Si cette exposition exceptionnelle a pu être montée, c’est à la faveur du transfert du trésor de Toutânkhamon du musée actuel de la place Tahrir au nouveau Grand Musée du Caire – Grand Egyptian Museum (GEM), actuellement en chantier, au pied des pyramides de Gizeh. L’événement provoquera-t-il le même enthousiasme qu’il y a un demi-siècle ? À voir.

La France frappée de « toutankhamonite »

En 1967, nul ne s’attendait à un tel succès. Certes, l’exposition de Picasso au Petit Palais avait déjà attiré 800 000 visiteurs l’année précédente. Cela n’empêche : les organisateurs furent pris de court face à l’affluence des visiteurs. « Affolés, fourbus, épuisés, les responsables de l’exposition envisagent d’ores et déjà de prendre des mesures de salut public : par exemple de repousser à 22 heures l’heure de fermeture », lit-on dans France-Soir dès le lendemain de l’ouverture de l’exposition qui attire les foules. Les cartels doivent rapidement être refaits en grand format et placés au-dessus des vitrines pour pouvoir être lus de tous.
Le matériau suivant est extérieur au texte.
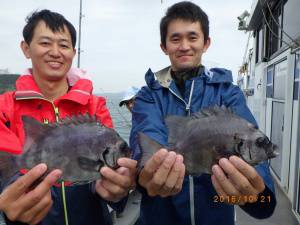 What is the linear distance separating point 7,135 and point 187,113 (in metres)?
1.39

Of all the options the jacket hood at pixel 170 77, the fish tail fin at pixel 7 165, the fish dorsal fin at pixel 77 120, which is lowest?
the fish tail fin at pixel 7 165

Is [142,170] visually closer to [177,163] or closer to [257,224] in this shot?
[177,163]

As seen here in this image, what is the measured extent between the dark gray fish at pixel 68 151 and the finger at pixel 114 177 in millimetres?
49

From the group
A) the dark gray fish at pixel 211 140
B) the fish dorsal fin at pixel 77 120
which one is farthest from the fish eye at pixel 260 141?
the fish dorsal fin at pixel 77 120

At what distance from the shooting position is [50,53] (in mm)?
2672

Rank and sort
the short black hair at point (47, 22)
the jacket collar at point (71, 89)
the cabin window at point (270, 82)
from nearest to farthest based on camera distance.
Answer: the jacket collar at point (71, 89) → the short black hair at point (47, 22) → the cabin window at point (270, 82)

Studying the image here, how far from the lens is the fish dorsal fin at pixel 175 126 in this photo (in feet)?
8.05

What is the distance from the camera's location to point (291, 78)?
7.03 meters

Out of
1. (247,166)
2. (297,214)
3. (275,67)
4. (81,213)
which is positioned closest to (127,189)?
(81,213)

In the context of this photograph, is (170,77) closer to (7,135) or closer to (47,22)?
(47,22)

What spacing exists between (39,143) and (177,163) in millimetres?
944

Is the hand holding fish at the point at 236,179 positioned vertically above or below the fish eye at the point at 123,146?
below

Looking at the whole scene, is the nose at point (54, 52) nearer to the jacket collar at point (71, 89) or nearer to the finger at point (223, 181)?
the jacket collar at point (71, 89)

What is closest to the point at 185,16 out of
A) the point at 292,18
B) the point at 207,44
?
the point at 207,44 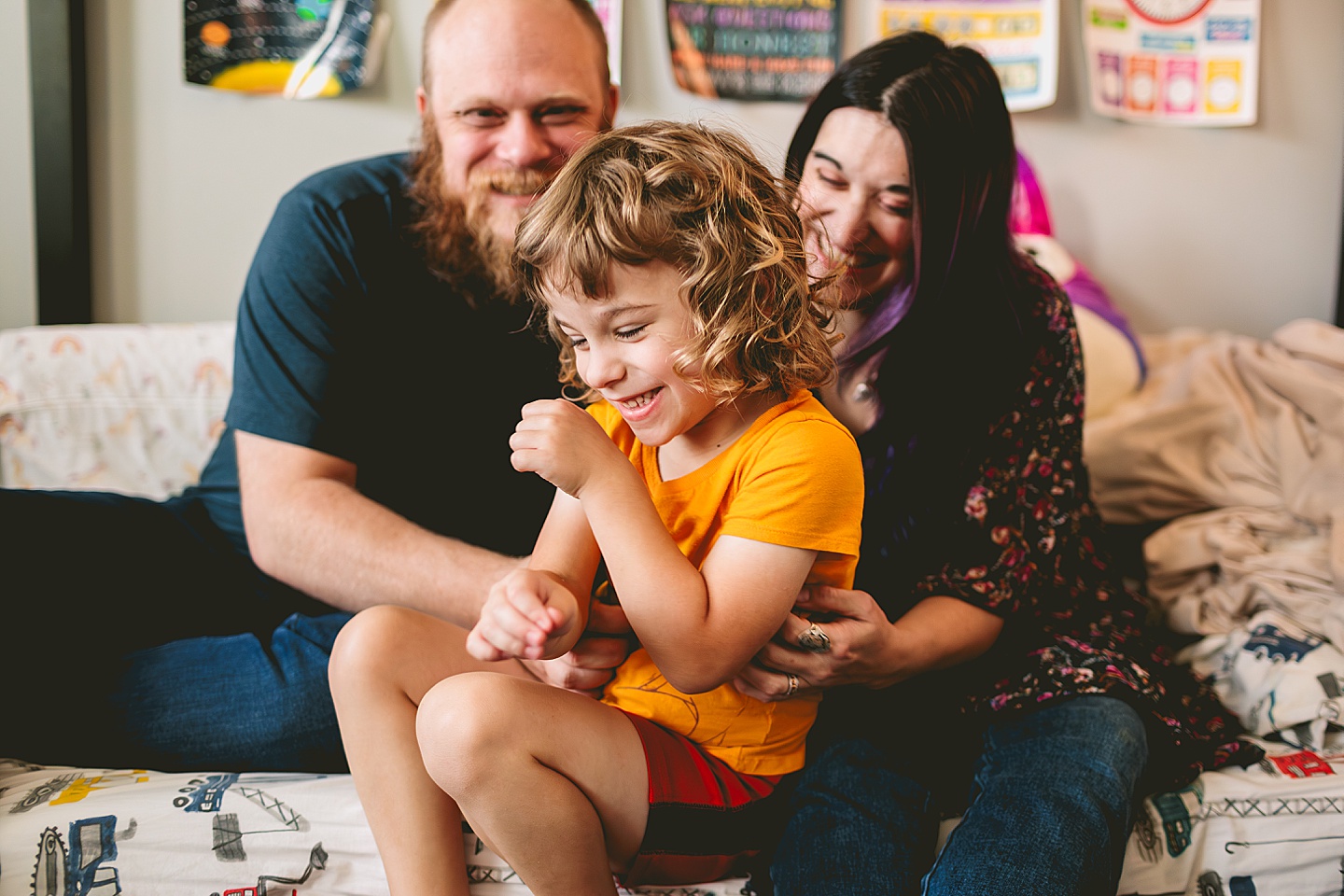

Et l’exposition, dont la clôture était prévue pour le 15 juin, sera prolongée jusqu’au 4 septembre. Le prix d’entrée a beau être de 5 francs, soit le prix d’une place de cinéma, au lieu des 2,50 francs habituels, les curieux n’hésitent pas à prendre place dans les queues qui se forment quotidiennement sur l’avenue Winston-Churchill et les Champs-Élysées, et « à risquer un rhume, à risquer l’asphyxie, pour se pâmer devant le masque en or de Toutânkhamon », s’étonnent les journalistes de l’époque.

Qu’importe si les services de presse n’existent pas encore. Les journalistes annoncent l’événement avec une année d’avance, racontent le transport des œuvres depuis Le Caire et, surtout, s’enthousiasment face à la beauté et au raffinement de ces chefs-d’œuvre de la XVIIIe dynastie des pharaons. Le battage médiatique est intense et continu, et la France semble frappée de « toutankhamonite », s’amuse un journaliste du quotidien Le Monde. Les magazines vont jusqu’à donner les bonnes adresses pour se faire coiffer « à la pharaonne » ou prodiguer des conseils de maquillage. La Caisse d’Épargne a même l’idée d’insérer dans Le Figaro une publicité mettant en scène le jeune pharaon, avec le slogan « Toutenépargnant ».

Car le trésor de Toutânkhamon n’intéresse pas seulement l’élite parisienne. Nombre de visiteurs mettent les pieds au musée pour la première fois afin d’admirer le plus grand trésor d’Égypte. « C’était deux décennies après la Seconde Guerre mondiale, et les pays qui avaient souffert de la guerre étaient toujours assoiffés d’événements culturels… Ce fut un âge d’or pour les cinémas, théâtres et musées, qui devaient satisfaire le besoin de divertissement des gens », analyse Tarek El Awady, commissaire de l’actuelle exposition Toutânkhamon. De fait, l’exposition de 1967 marque l’entrée dans l’ère de la culture de masse.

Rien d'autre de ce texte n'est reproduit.